"I'm afraid it doesn't ring a bell."

"Meaning no?"

"Meaning I do not recall him driving such a car."

"Then why does Mr. Guppy, your local postman, recall seeing a black or green Toyota driven by someone answering to Pettifer's description entering your drive just as he was coming out of the village church on a very hot Sunday, he thinks in July?"

I was sickened that they should have questioned John Guppy. "I have no idea why he should recall or not recall any such thing. And since the entrance to my drive is not visible from the church, I am inclined to doubt whether he did."
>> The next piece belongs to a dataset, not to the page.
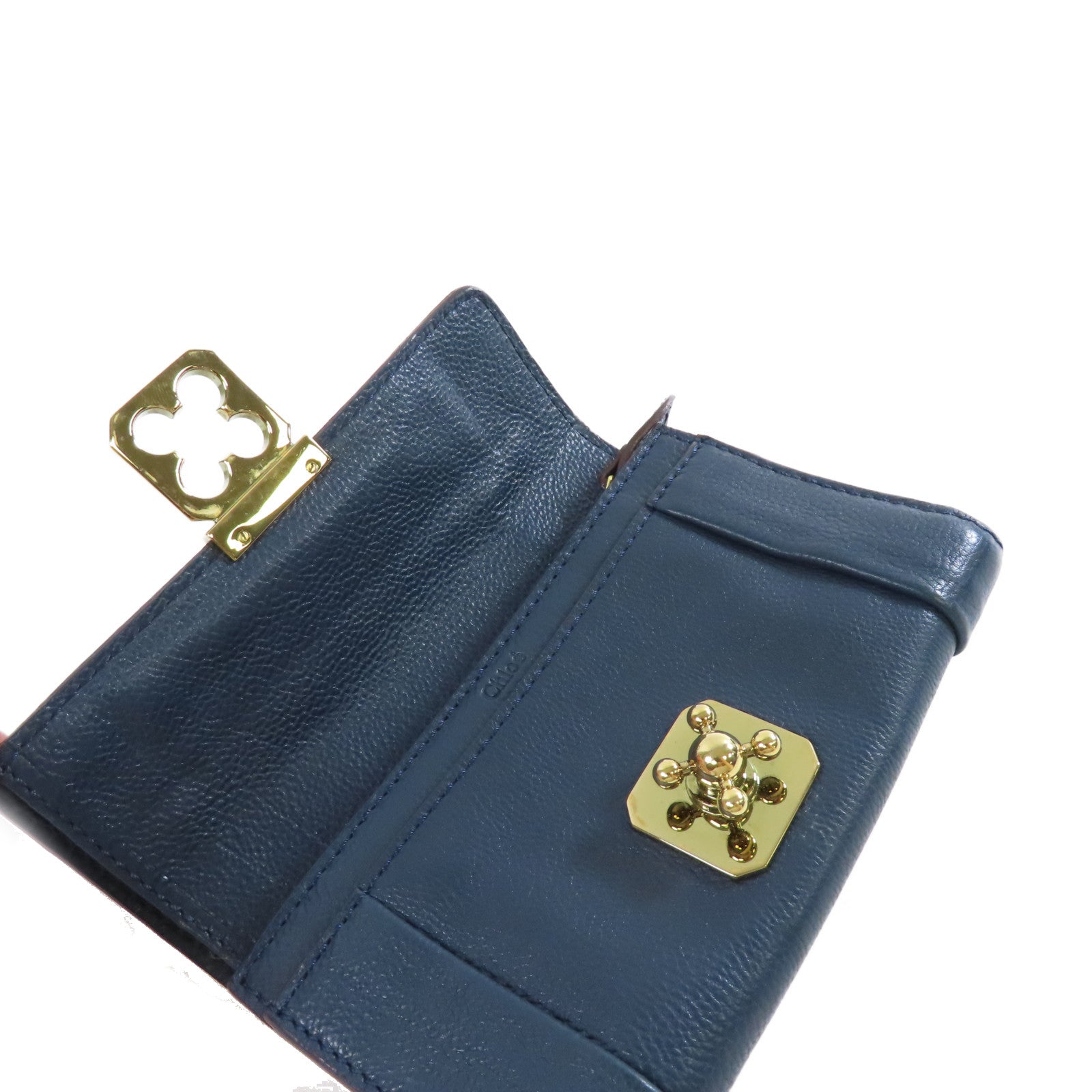 Chloe 【激減優惠】牛皮皮革Medium Wallet金扣中長錢包綠色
"The Toyota passed the church heading in your direction," Luck retorted. "It disappeared out of sight below the churchyard wall and did not come out the other end. The only turning it could have taken was into your drive."

"The car could have emerged without Mr. Guppy's noticing," I replied. "It could have stopped on the verge."
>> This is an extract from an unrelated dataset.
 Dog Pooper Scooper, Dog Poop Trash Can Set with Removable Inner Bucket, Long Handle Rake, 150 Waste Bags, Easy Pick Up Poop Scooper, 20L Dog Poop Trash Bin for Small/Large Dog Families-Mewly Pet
While Bryant looked on, Luck again foraged in his briefcase, extracted one of the packages and from it a plastic-covered bankbook from Larry's bank in London. It was such an old friend to me I almost smiled. I must have been through hundreds of them in my time, always trying to puzzle out what had happened to Larry's money, who he had given it to, which cheques he had forgotten to pay in.
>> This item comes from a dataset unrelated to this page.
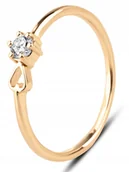 Pierścionki - PIĘKNY ZŁOTY PIERŚCIONEK ZARĘCZYNOWY Z BRYLANTEM 0.10CT I SERCEM 14KT 585 - miniaturka - grafika 1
"Did Pettifer ever make you a present of any cash, by any chance?" Luck asked.

"No, Mr. Luck, Dr. Pettifer never gave me any money.”

“How about you giving him some?"

"I lent him small sums from time to time."

"How small?"

"Twenty here. Fifty there."

"You call that small, do you?"

"I'm sure it would feed a lot of starving children. It didn't keep Larry going long."

"Do you wish to change, in any shape or form, your story to the effect that you and Pettifer were never once involved in any type of business transaction?"

"It's the truth. Therefore I do not wish to change it."

"Page eight," he said, and tossed the bankbook at me.

I turned to page eight. It was the statement covering September 1993, which was the month when the Office paid Larry his hard-earned gratuity: £150,000, drawn on the account of Mills & Highborn, Trustees, of St. Helier, Jersey, wiping out an overdraft of £3,728.

"Do you have any idea at all," Luck demanded, "where, how, or why Dr. Pettifer got hold of one hundred and fifty thousand pounds sterling in September 1993?"

"None. Why not ask the people who made the payment?"

My suggestion annoyed him. "Mills and Highborn, thank you, is one of your old-fashioned, blue-chip, father-to-son Channel Islands law firms. Partners do not like talking to policemen and are not disposed to hand out customer information without a court order effective in the Islands. However—"

Upstaging him, Bryant placed his forearms on the table, squaring himself for combat.

"However," Luck repeated, "my researches do reveal that the same firm of trustees has also been paying Pettifer an annual salary, apparently on the instructions of certain foreign publishing and film companies registered in funny places like Switzerland. Does that surprise you at all?"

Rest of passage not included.